Thoughts on Information Classification

Luke Breuer
2009-01-15 19:10 UTC

Memories of library card catalogs are fading these days, but those who remember them will recall a strict hierarchy of topics and subtopics. The taxonomy used is tightly controlled and applied with care. Unfortunately, hierarchical classification breaks down in any significantly complex system. The desire arises to place a given node under multiple parent nodes; sometimes the decision made is quite arbitrary. My personal case-in-point is webmark, the bookmark manager I wrote. It is organized into strictly hierarchical categories. Let's say I have the categories "learning" and "programming". What happens when I find a website which discusses how programmers tend to learn? The system breaks down. Over time, I have stopped using explicit categories with webmark and have reverted to tags — now everything goes into the random category.

One of the contemporary solutions it to use keywords; the term du jour is tag.

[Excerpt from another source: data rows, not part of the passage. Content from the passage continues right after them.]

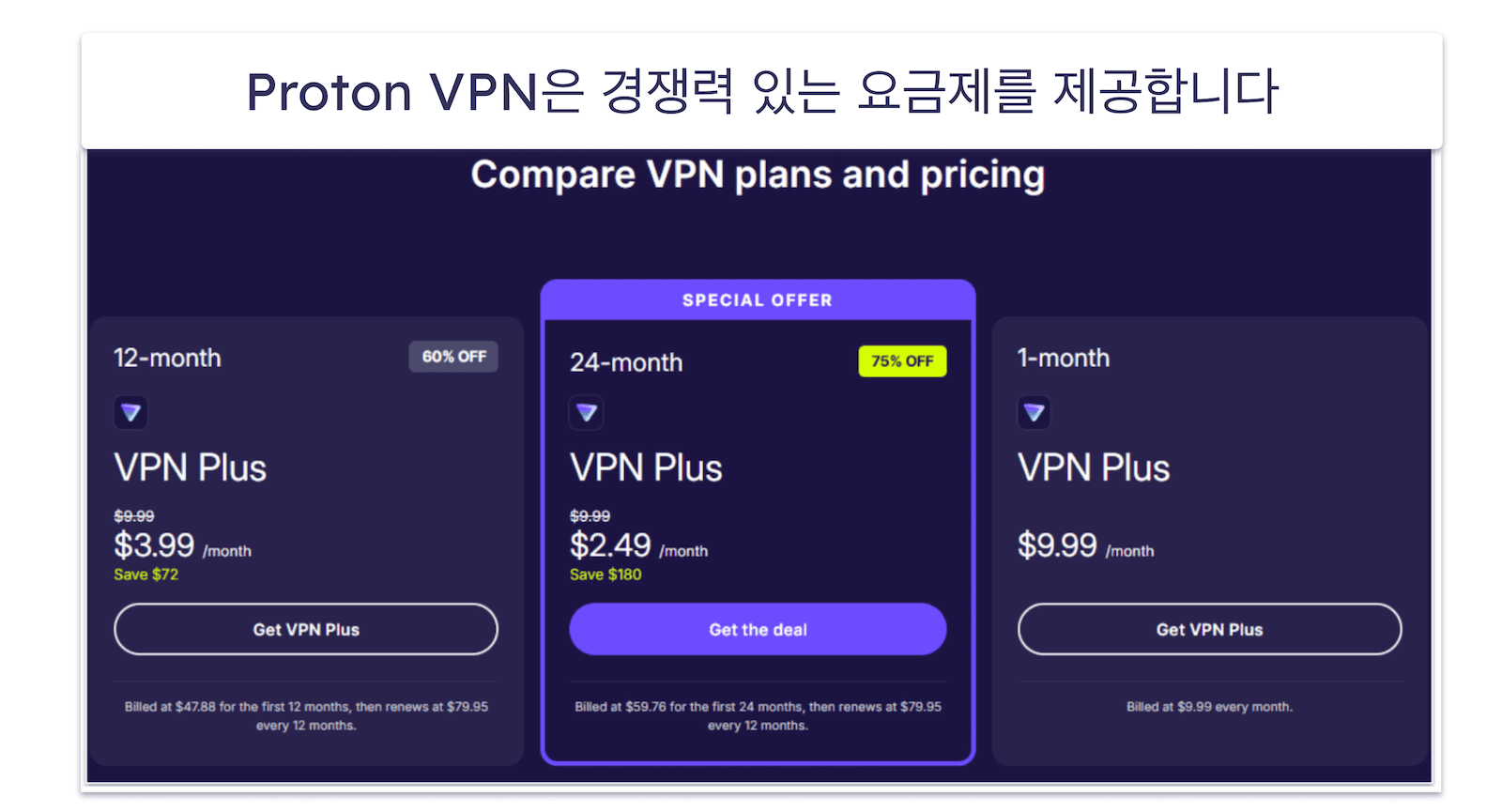 Proton VPN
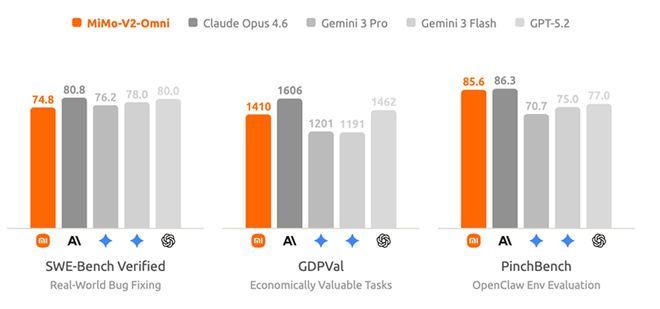 被全网猜是DeepSeek V4的神秘大模型,被小米认领了!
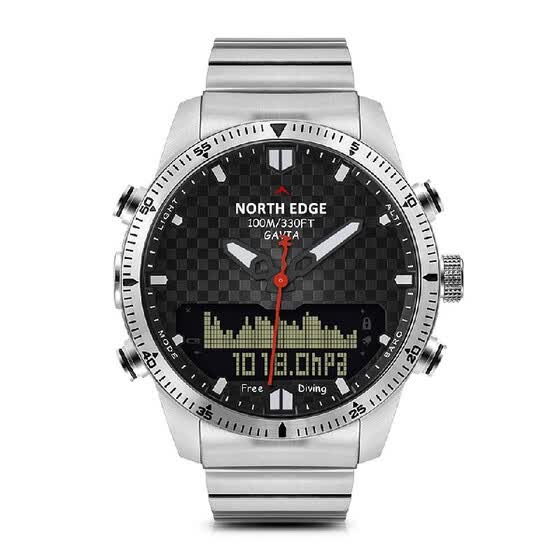 digital wrist compass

Google uses the term label. The idea is that instead of using categories nested in what might be a deep hierarchy, one simply applies one or more terms to each item, such as "programming" and "learning". Then one can easily look for all items on programming, all items on learning, or all items involving both. The system works fairly well.

One major problem with tagging is that it also breaks down: what exactly is the definition of each term used? It turns out that people use the same words for different meanings, making the sharing of tags a bit tricky. My solution is tsunami. It still allows for tags, as they are quite useful. However, it also allows one to create a more powerful version of a tag: a full-blown item. This allows one to define the item and then link it to other items. It is an attempt to organically grow a flexible taxonomy so that the benefits of having well defined terms can be combined with the ability to avoid hierarchical constraints.